■ **ABOUT THIS EXERCISE**
Beginning at the line that holds "Condo in Miami, Florida, 2", transcribe each line exactly through the end of the records, and leave any pictures out.
◆ ◆ ◆ ◆
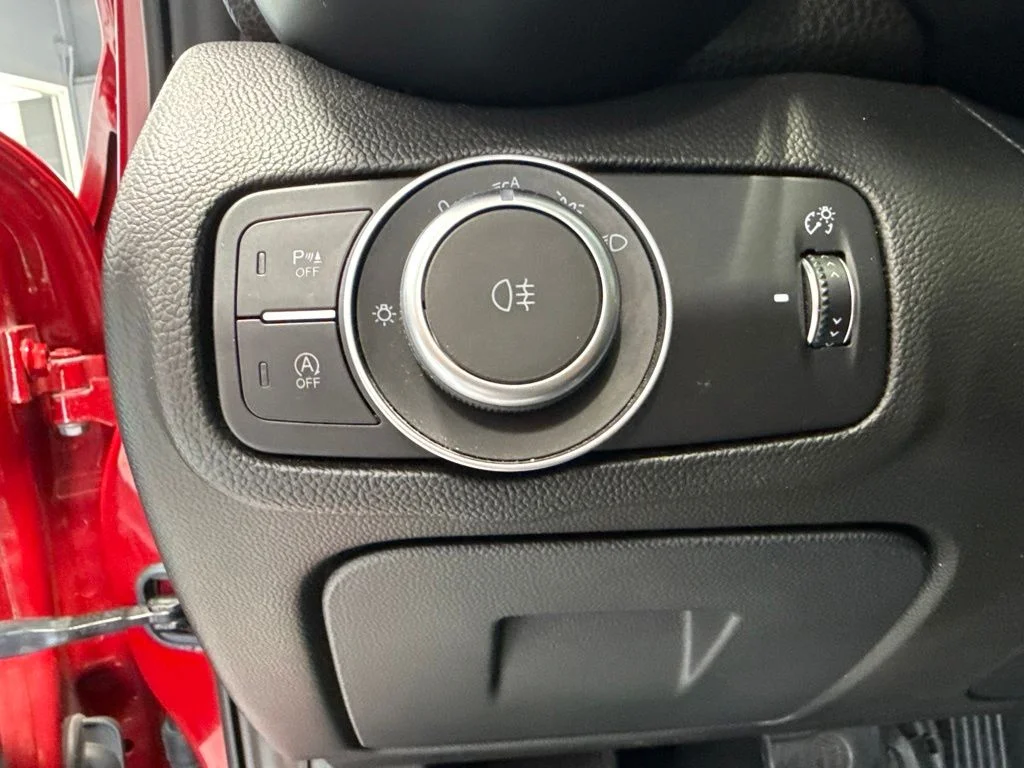 Used 2017 Red Alfa Romeo Base image 16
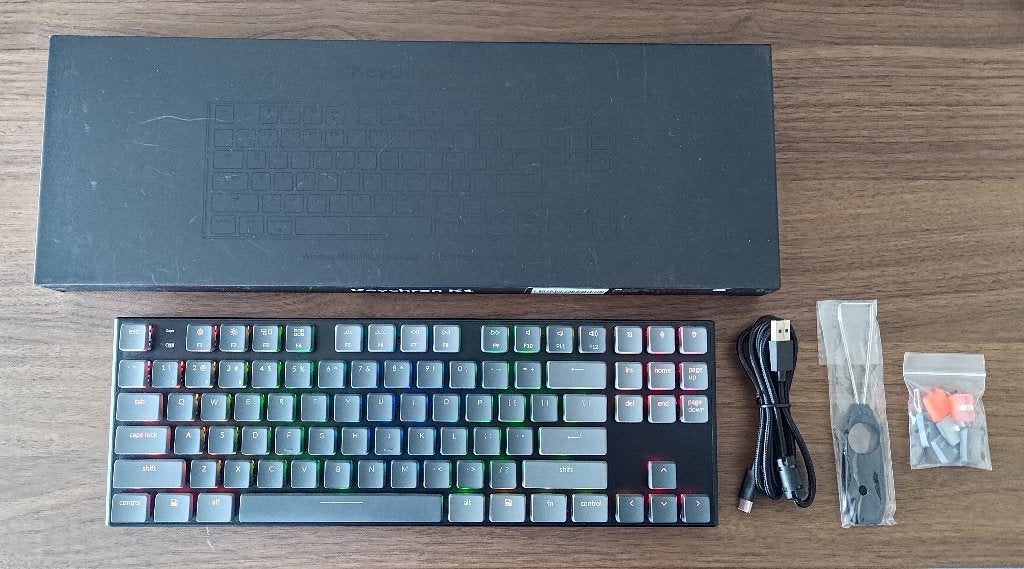 Keychron K1 v4 - Wireless QWERTY Mechanical RGB Keyboard, Computers en Software, Keychron, Ophalen of Verzenden, Zo goed als nieuw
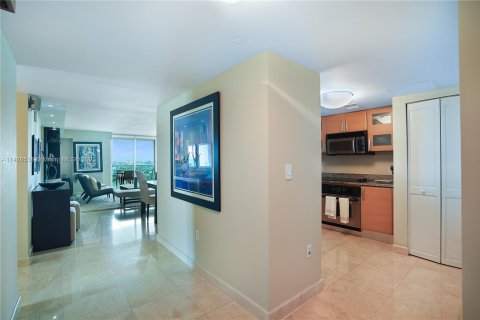 Condo in Miami, Florida, 2 bedrooms  № 653843 - photo 12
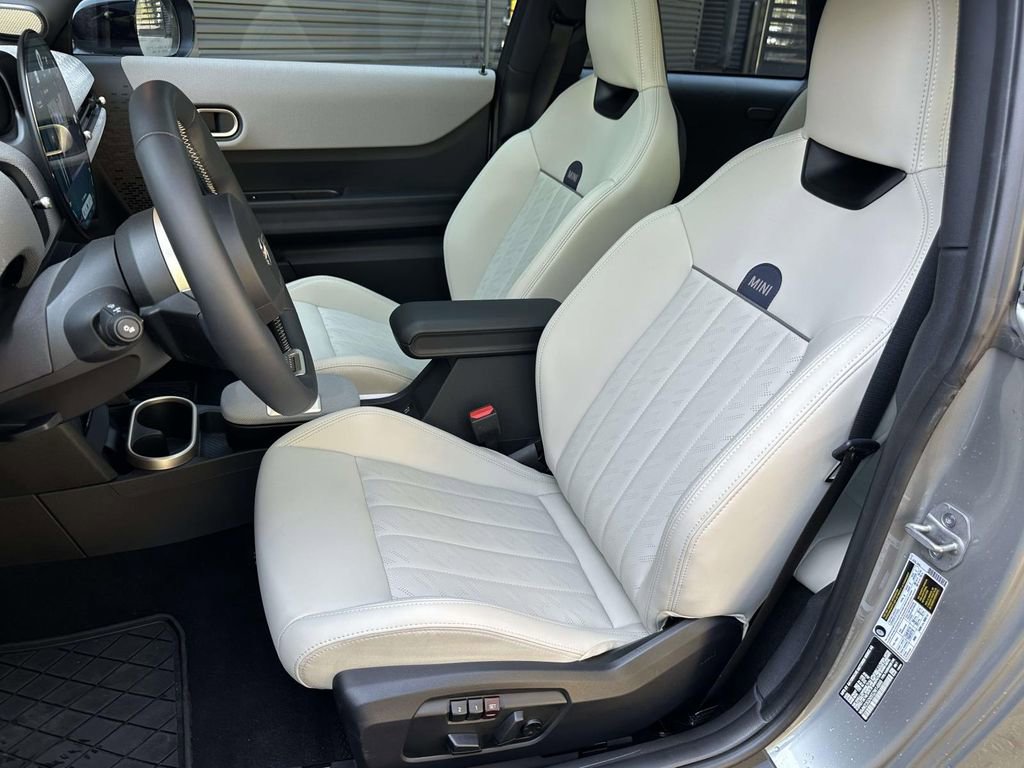 Used 2025 MINI Cooper S image 5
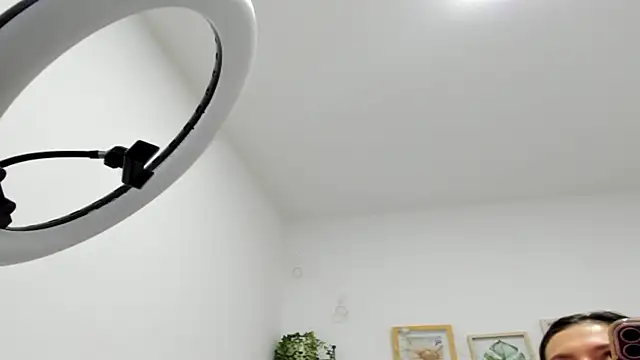 megan 29 online show from 04.21.26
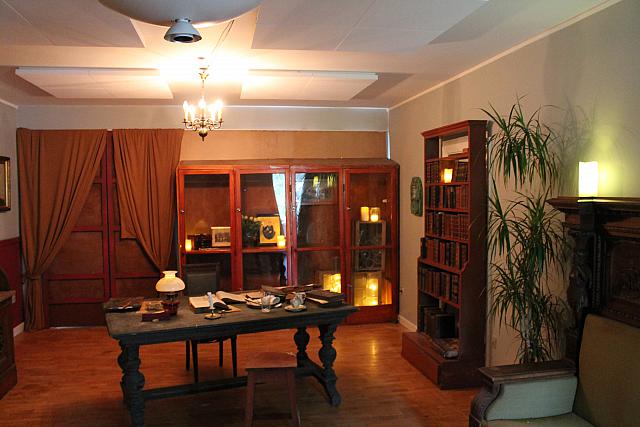 Ernst Triers stue genskabt i forbindelse med 150 års jubilæet i moderne omgivelser.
◆ ◆ ◆ ◆
■ **FINISHED TASK**
 Condo in Miami, Florida, 2 bedrooms  № 653843 - photo 12
 Used 2025 MINI Cooper S image 5
 megan 29 online show from 04.21.26
 Ernst Triers stue genskabt i forbindelse med 150 års jubilæet i moderne omgivelser.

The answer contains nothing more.